1.2. Why is this so complicated?

Caching: Each of the stages I outlined above also has a caching stage. Additionally, you need mechanisms to invalidate the cache so you can do live-reload operations.
Legacy: there used to just be one finder class called Finder, but this wasn't good enough because you need to be able to use different finders for different cases, so an extra layer of meta-finders was added to find the finders.
Nitpicky edge cases:
- namespace modules
- packages
- loading modules from non-python source
- loading modules direct from archives
- lots of different places where packages can be stored: environments, conda, the internet etc.

2. How does the import system decide to add `path`?

Given any module, you can make it a package by simply adding a __path__ attribute. However if your module is an __init__.py file, it will automatically add __path__ to be the parent directory.

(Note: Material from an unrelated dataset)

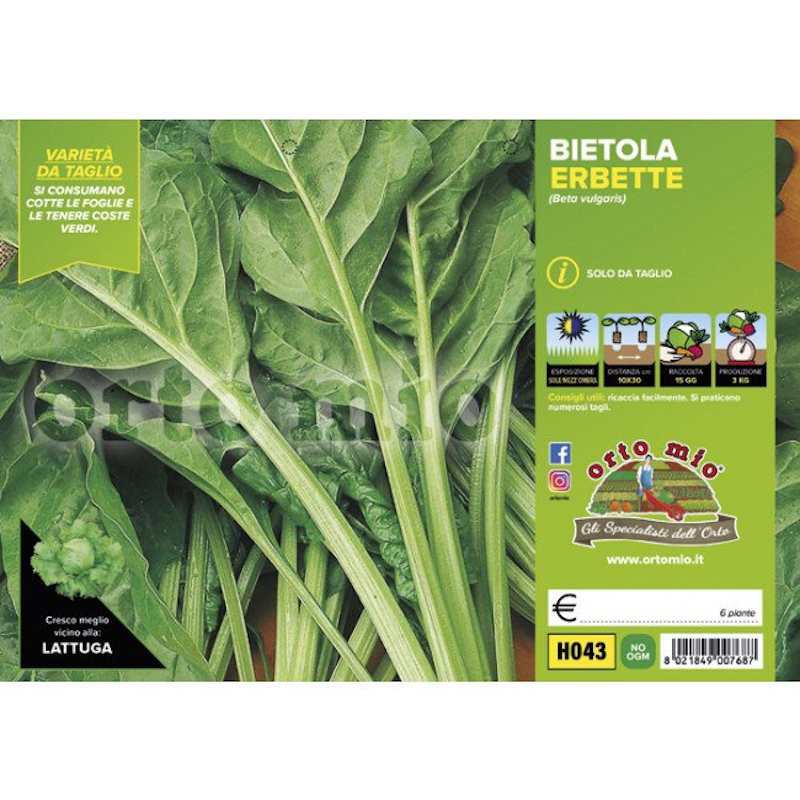 Chard plants and herbs for...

3. What about relative imports?

A relative import is an import where the module name being imported starts with a dot. For example import .foo. In the above case, you take the current module m that is running import .foo; and you take the parent module name: m.__package__ (caveats); and you prepend that to .foo and do an absolute import.

If there are multiple dots as in import ..foo, you repeat the parent-finding process for the number of dots present.

This definition of relative import sucks because it means that in order to use them your python files need to be inside a package in order to import from each other. The shortcut way to do this is to just add __init__.py folders everywhere.

I recommend never using relative imports except inside of __init__.py files. It's just not worth it.

4. What are namespace packages?

A namespace package is a python package that doesn't have an associated module (ie no __init__.py). The idea is you can split a package across multiple files. See this Stack Overflow answer for more detail. Adding namespace packages complicates the logic for find_spec.

5. Sadly, `main`.

When you execute a python file with python foo.py, the given file is not loaded as the module foo. Instead, it is loaded as a special module called __main__. The main problem that this causes is that it breaks relative imports, since the __main__ module does not have a __package__ attribute set. The main recommendation seems to be that you should just avoid using relative imports.

6. Importing resources

[todo] this section is still under construction [todo]

Another cool thing that you can do with the Python import system is 'import' files that are not Python files. You can import data files or executable binaries.

Usually, if you want to get a file from a Python script you will call open('path/to/file'), but this assumes that you know where the file is on disk. By 'importing' files, you can ensure that the files are present wherever your Python package is called from, even if it is downloaded from PyPI.

There are two sites that told me this existed:

importlib-resources which looks semi-official. I think what happened is it used to be its own library that got integrated into core.
Python 3 docs page

I'll try to keep with the example given in 'importlib-resources'. We have some folder structure:

(4)

mypkg/
  __init__.py
  resource.txt
  foo.py

Now in foo.py I can write:

(5)

from importlib.resources import files

7. Module resolution failures that always get me

7.1. Basic importing from a directory is broken

Suppose our working directory looks like this:

(6)

asdf/
  b.py # ← from asdf.c import X; Y = 5; print(X)
  c.py # ← X = 4
a.py # ← from asdf.c import X; print(X)

If I run python asdf/b.py, it will refuse to resolve c.py (no module named asdf). If I run python a.py, it will be ok!

One answer is to replace the import in b.py with from c import X. Then you can run python asdf/b.py and it's ok. But, now, if add a line from asdf.b import Y to a.py, we will get "no module named c.

I can't see how this is anything other than a flaw in Python. There is no way to import between the directories that doesn't break.

I usually get around this by making the root project folder a package with a pyproject.toml, and then running pip install -e .. But it's so miserable that I have to do that.